South Park makes fun of all types of people, ideas, social things. Blame the people that take that song super duper seriously rather than a satirical, not super duper serious cartoon.
The issue isn't really South Park, it's how it's being brought up (on GAF for instance) constantly as if it was some sort of insightful debate closer. I didn't watch SP in a long ass time but I'd say it did go "politics" quite a few times, like with that voting stuff in school with the douche and turd sandwich, and often SP have this weird non-commital stance of putting every side back to back and standing for a somewhat unfeasible middleground.
I think one way things play out is that the issues, terms, concepts, etc. all exist prior.
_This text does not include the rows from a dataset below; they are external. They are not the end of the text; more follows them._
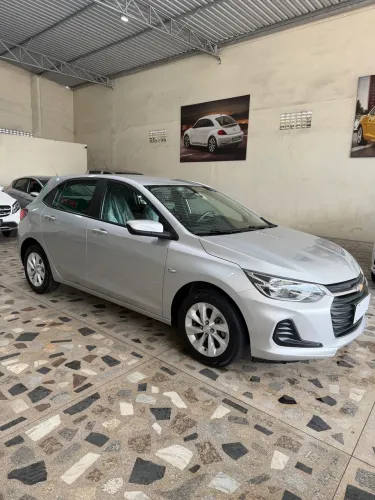 Chevrolet Onix Hatch LT 1.0 12V Flex Mec. 4P 2021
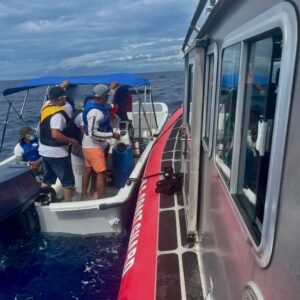 “Por primera vez los balseros venezolanos llegan a Estados Unidos”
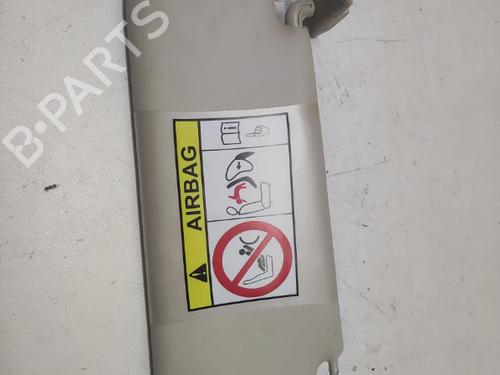 Right sun visor FIAT 500 (312_) 1.2 (312AXA1A) | BP27069326I2 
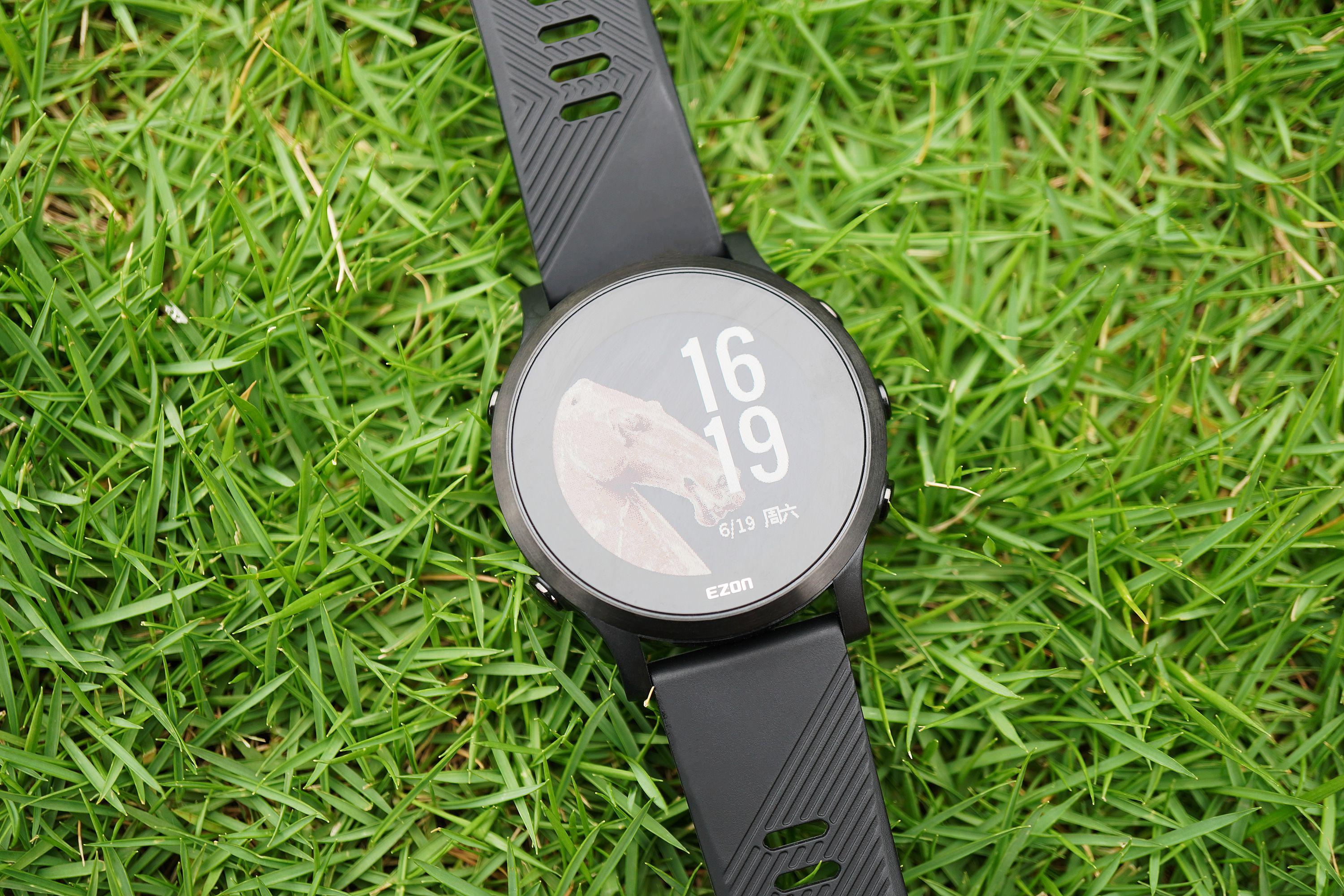 佳明运动手表venu2s测评,和佳明245差不多的表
I've seen "safe spaces" discussed and mocked for probably five years now. But most people are ignorant of the issue, either pro or con.
When South Park mocks it, the people involved, etc. for 20 minutes as part of a story, even if they don't take an obvious side, it's the first introduction some people get to the concept or the first significant one. A GAFer might have seen "safe space" threads before but ignored it or not really understood, then they saw South Park and now they're an expert. (When I think both Parker and Stone would admit they don't deeply or even lightly research 95% of the subjects they take on.)
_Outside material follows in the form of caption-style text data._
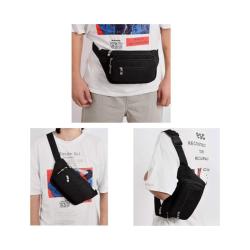 Gelory Newest Sale Waterproof Fanny Pack Multi-purpose Waist Pack Bag Unisex Belt Bags Traveling Yoga Gym For Outdoors Workout Sport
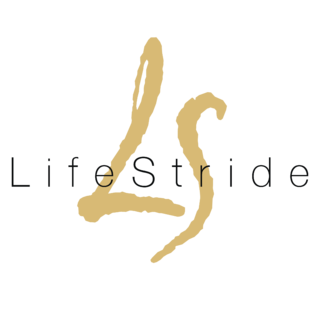 Life Stride Logo PNG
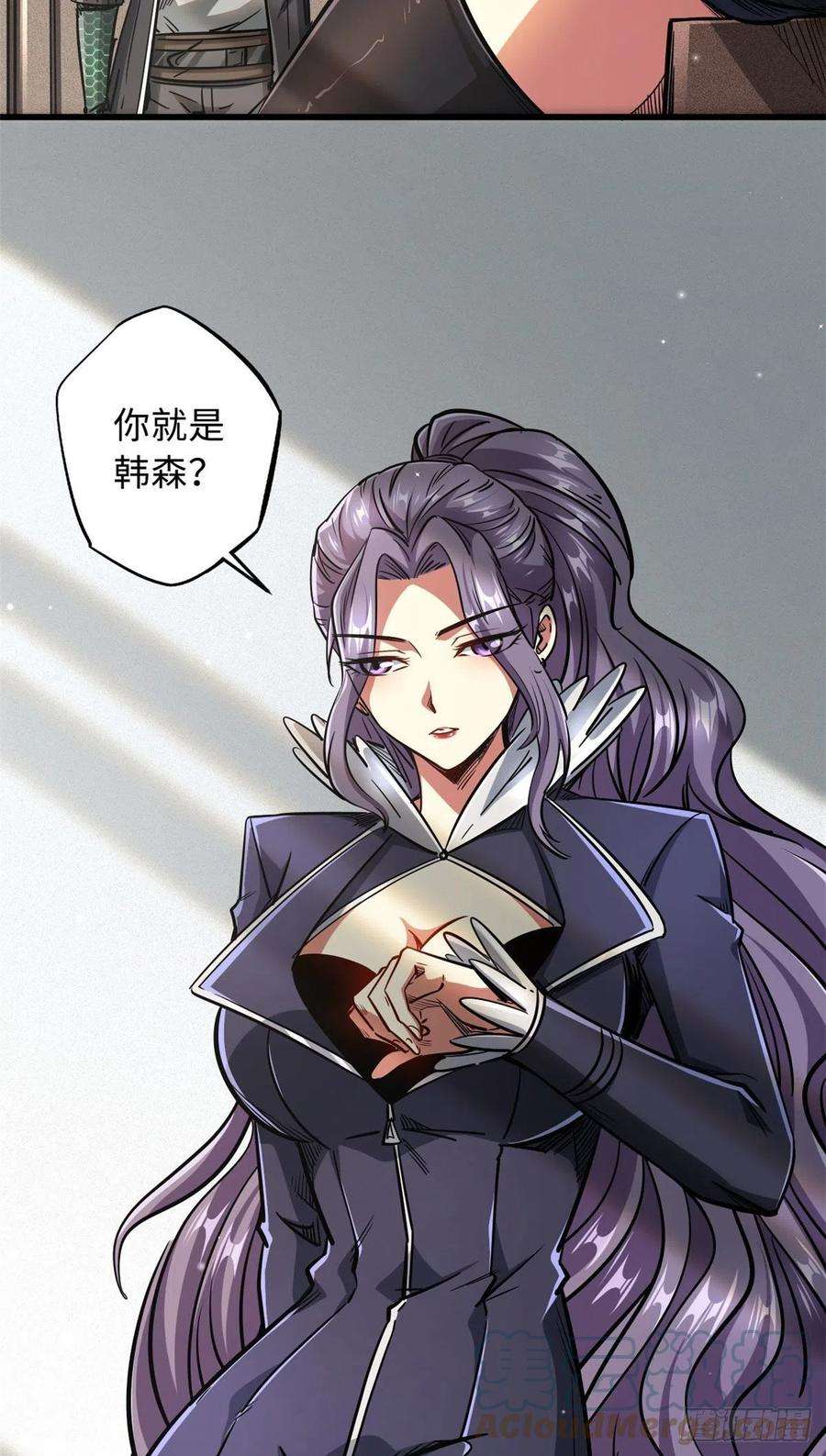超级神基因19 B神再现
So then it becomes partly a fight over South Park's portrayal and the whole "it's comedy!" bail out angle.
I feel like getting mad at anything South Park does is either missing the point or playing into Parker/Stone's hands.
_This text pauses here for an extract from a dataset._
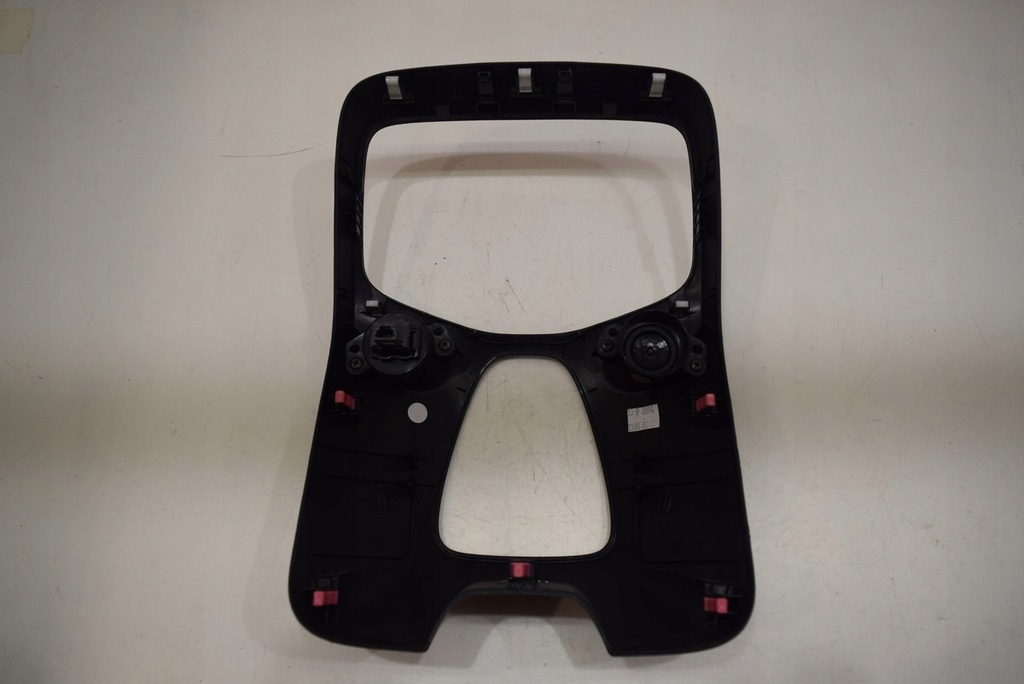 фото №5, Toyota aygo ii c1 108 рамка радіо панель середній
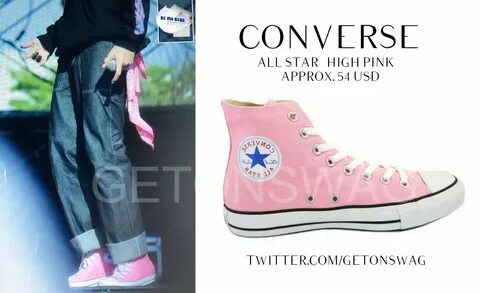 Bts converse high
Like the dude who played Chef getting butthurt over the (rather tame) scientology disses after the show had been sticking it to religion in general and Christianity specifically for years.
They've strongly suggested since that they don't believe it was Hayes (who had had a stroke) personally, but "his people"/Scientology's people behind it since he hadn't minded them poking fun at Scientology and other things before and said so to them. And either Parker or Stone said that it's one of the South Park moments he regrets since they did it in anger the week of rather than having more time to mull it over. (When he died a year or so later they put a dedication card to him at the end of that weeks episode.)